Eating should be considered a sacred act, mainly because eating is as fundamental to our existence as breathing and drinking, and because it reminds us that we are part of something bigger, that were depend with our very lives on the plants and animals that feed us. It is an act of reaffirming this interconnectedness, this dependency, and we should always be conscious of this fact and remain grateful for every meal and every living being that gave his/her life so that we may live.

 

Listen to the Land

If you pay attention, the ecosystem you inhabit will show you all by itself what to eat. Certain berries will light up in bright colors, certain odors become fragrant, and certain animals and insects will show themselves in large numbers. Those foods will, of course, be seasonal, wild, and local. This is the only sustainable way to eat, and this was how humans and all other animals ate ever since the very beginning. Only globalized civilization allows us to eat things from distand lands, shipped to us at a tremendously high ecological cost. This is arguably one of the most destructive ways to obtain food, and there is no place for practices like this if we want to avert the worst damage to our shared home.

The same is true for growing food – if long beans grow easy and fast in your garden in one season, you should have plenty of them. If bamboo shoots sprout up in another season – there’s your dinner. In Durian season, we might just skip a meal or two and just eat Durian instead. It is an unnecessary effort and a violation of “do-nothing” principles to try to have tomatoes all year round. If they don’t like rain, fine, try again in dry season. The plants themselves know the best when (and where) to grow, and when to fruit.

One “Monthong” Durian – enough to feed two people for half a day!

All diets that are not land-based can and will never be sustainable. If juice fasters want to drink only grape juice for two months, there is absolutely no way they themselves can grow enough grapes organically to supply themselves with the extraordinary amount of juice they will consume during that time. Only supermarkets supplied by industrial-scale juice processing factories and chemical-intensive monocultures allow such lavish absurdities.

 

But what about fasting and “Breatharians”?

Fasting certainly can have enormous benefits both for health and for spiritual experiences. Many primitive cultures all over the globe have rituals that involve fasting for purification of body and mind, and for vision quests. When done right and not too often, there is nothing wrong with it – as long as you don’t overdo it and you don’t stop listening to your body.
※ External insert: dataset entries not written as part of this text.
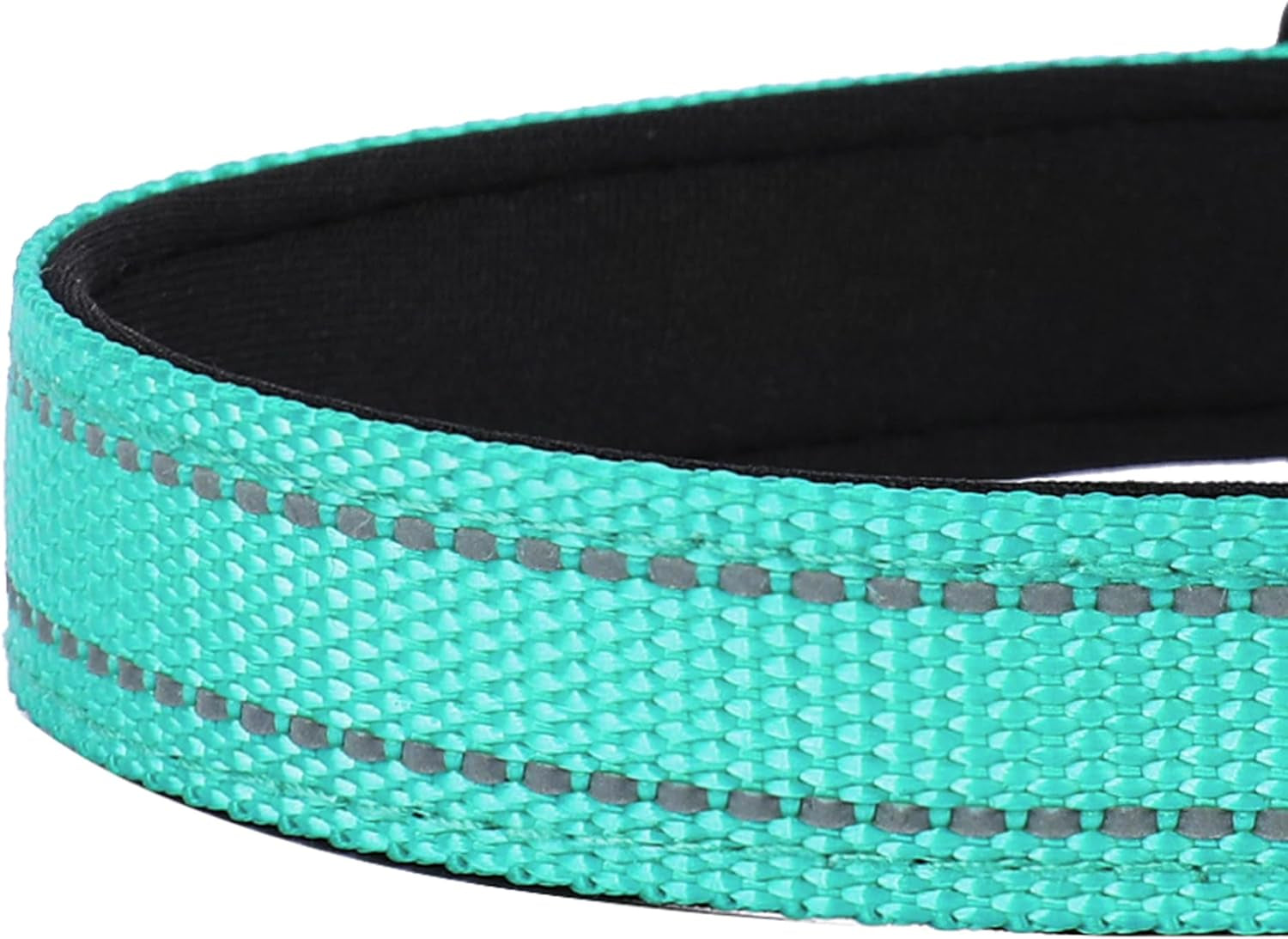 reflective-dog-collar-adjustable-soft-neoprene-padded-teal-m-breathable-nylon-for-medium-dogs-tear-resistant-webbing-chafe-free-on-walks-and-hikes-metal-d-ring-night-safety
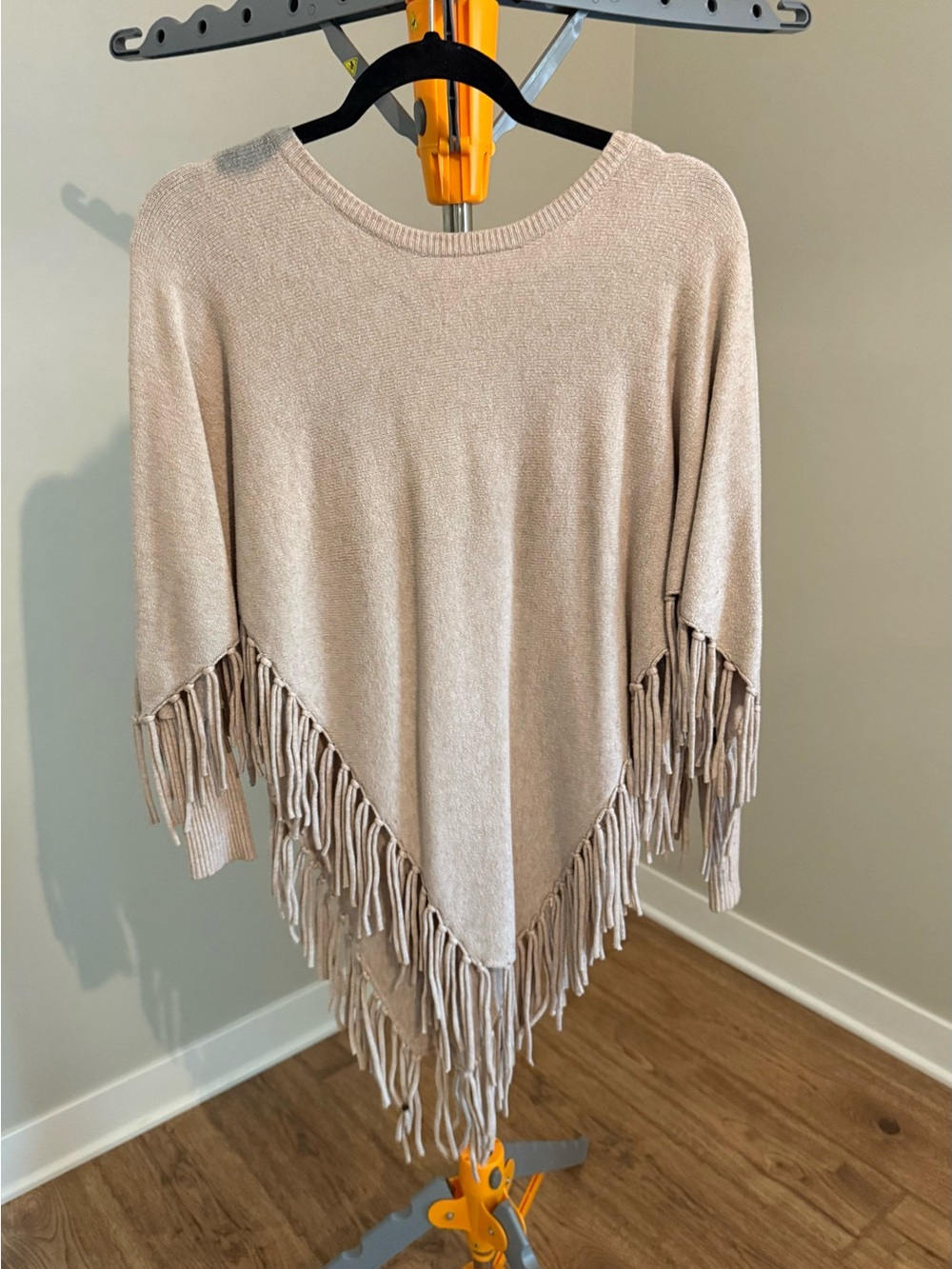 Alythea Fringe Knit Poncho in Light Beige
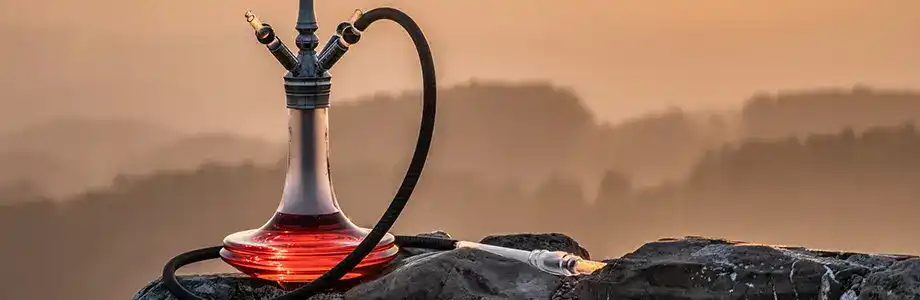 Close up of hookah on mountain top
Modern culture still maintains certain imbecile core beliefs from earlier civilizations, and those can be very harmful and counterproductive. One of those beliefs is the Mind-over-Matter metaphor, the idea that you have to make yourself suffer, to use your mind to force your body to attain “spiritual pureness”.

First recorded in ancient Greece where philosophers came up with the strange idea that the mind is somehow separated from and more important than the rest of the body (even though mind and body are two parts of one and the same entity, and one can’t exist without the other), this idea was later picked up by Christians (notably the notoriously women- and body-hating Apostle Paul) who reached a new level of Nature-denial and self-hatred. Inspired by passages from the Bible like: “Put to death what is earthly in you: fornication, impurity, passion, evil desire, and covetousness, which is idolatry” (Colossians 3:5), Christians started hating their bodies so much that they denied themselves every kind of pleasure and even occasionally practiced self-flagellation – hitting themselves with a whip. This sense of having to punish the “worldly” body through the “higher” and “pure” mind remains vivid until today, although most people punishing their bodies through extreme fasting and other such exercises would vehemently deny that their practice has anything to do with their Christian ancestors’ beliefs and practices. Nonetheless, the pattern of thought is the same.

We advocate loving and honoring your body, we advocate enjoying all the wonderful earthly pleasures there are to enjoy in life, and we see mind and body as two equal aspects of one and the same thing, interdependent and interconnected like the rest of the cosmos.

 

There are people who claim not to have eaten for extended periods, but to us this seems like bogus. It is the same idea, as old as civilization, that humans are somehow “higher” than other animals (although giraffes are arguably a lot higher than humans), somewhere in the middle between animals and gods – and therefore, they believe, we can transcend the earthly shackles of being forced to eat food like every other creature crawling in the dirt.  This, of course, is utter nonsense. It stands in direct conflict with how life works. To think you can evade the endless cycle of feeding and being food is the denial of Life itself. We are animals, and this is a reason to be proud and feel rooted, comforted, and welcome – to recognize yourself as a part of a larger family, the Community of Life.

Oh, and then there is the story of how, in 1983, most of the leadership of the breatharian sect in California resigned when Wiley Brooks, a notable proponent of breatharianism who claimed that “all food is poison”, was caught sneaking into a hotel and ordering a chicken pie. Guess Nature finally caught up with him.